Will she lay more and do it again... she is still hiding and not eating. I probably didn't get them all out.


----------



## emc7 (Jul 23, 2005)

I've never seen a mouthbrooder carry unfertilized eggs, only seen substrate-spawners guard them. Did the eggs you took out look clear, or were they opaque and fuzzy. Don't feed if she won't eat, offer food every week and remove it if she won't take it.


----------



## darkfalz (May 7, 2006)

They looked as I said like wet, plump sesame seeds. Same colour.


----------



## Laura Ann (May 3, 2006)

darkfalz said:


> Now I really feel bad. I picked "him" up - there was something in his mouth, looks like eggs.. like plump, wet seasame seeds. About 10 of them.
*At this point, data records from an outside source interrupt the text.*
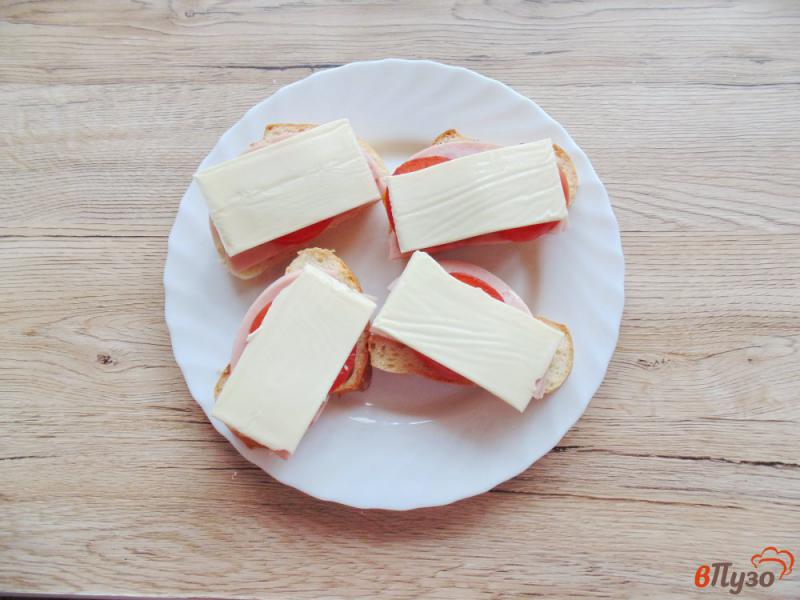 Фото приготовление рецепта: Горячие бутерброды с ветчиной и сыром шаг №4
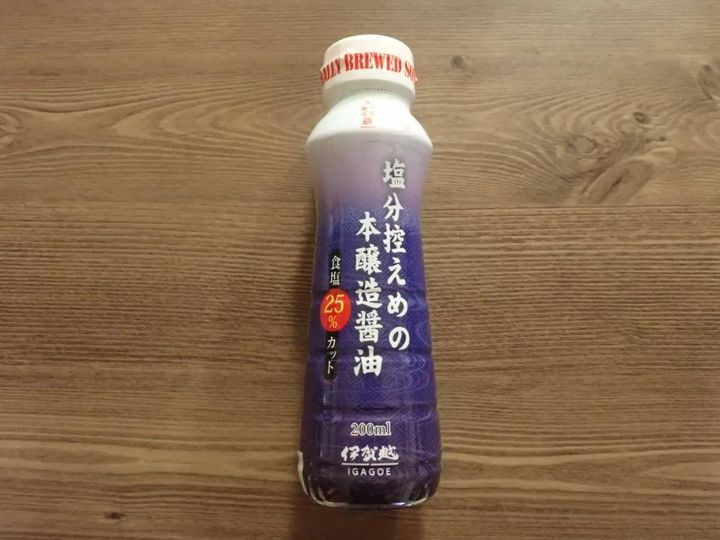 DAISO(ダイソー)：伊賀越 塩分控えめの本醸造醤油 200ml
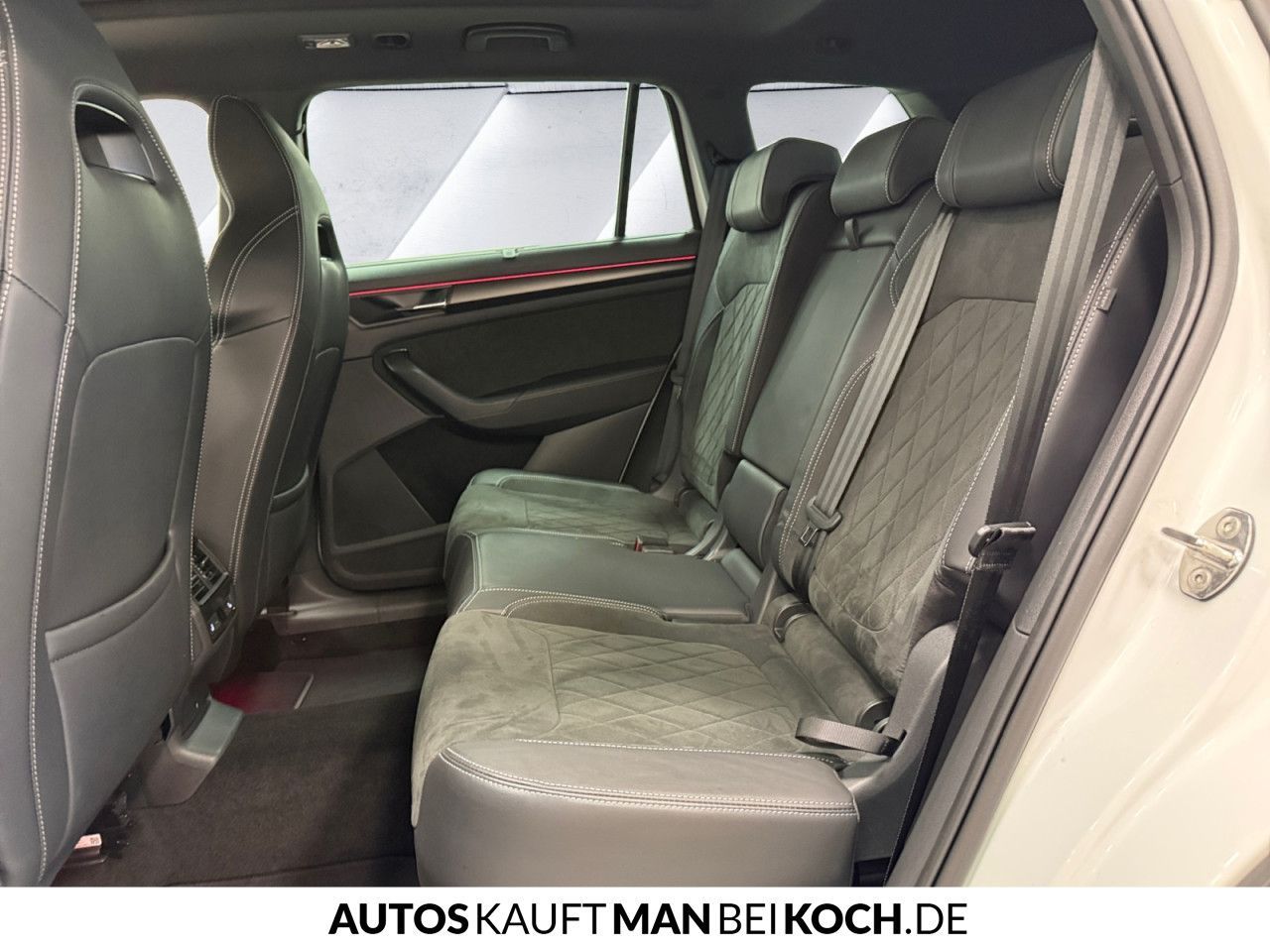Skoda Kodiaq 2.0 TDI DSG 4x4 Sportline PANO AHK CANTON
I took them out... did I do a bad thing? Will (s)he ever trust me again? Seems to be looking for them, or otherwise just freaking out (that portion of her lower mouth is still jutting out a bit though). She hasn't been in contact with another fish for more than a month, where did the eggs come from and why were they in her mouth? Could it have been something else?


I'll bet they were just unfertilized eggs. Which reminds me of something else, I will mention that in a second. 

Anywho, she will forgive you, and she will trust you again. You are the "Food God" and cichlids love their food Gods  Taking them out wasn't a bad thing at all. I strip females on a weekly basis, and they never hold it against me 

Now onto my other point... this fish was badly beaten, correct? 

If so, then she may have been beat because she wasn't holding for her males. I have a female now that got the snot beat out of her, because she wasn't "pulling her weight" (that is how it was eplained to me anyway). So maybe, just maybe she wasn't ready to brood yet, and a male decided she was waiting too long


----------



## darkfalz (May 7, 2006)

Every fish in that tank got bashed, but she was really in shreds when I took her home. Once the other cichlids were removed, he started on the tiger barbs and even the poor pleco. But he's out now, I've got him in a tank ready to go back to the fish store (pictured - plucky and impressive guy but can't forgive him for all the killing). Still deciding whether or not my rescue fishy is going back too. She still spends most of her time hiding behind her rock, she's dug a hole in the gravel there... before the eggs incident she was coming to the front much more to say hello and beg for food. But she's at least eating again now, not hanging on to any more eggs.


----------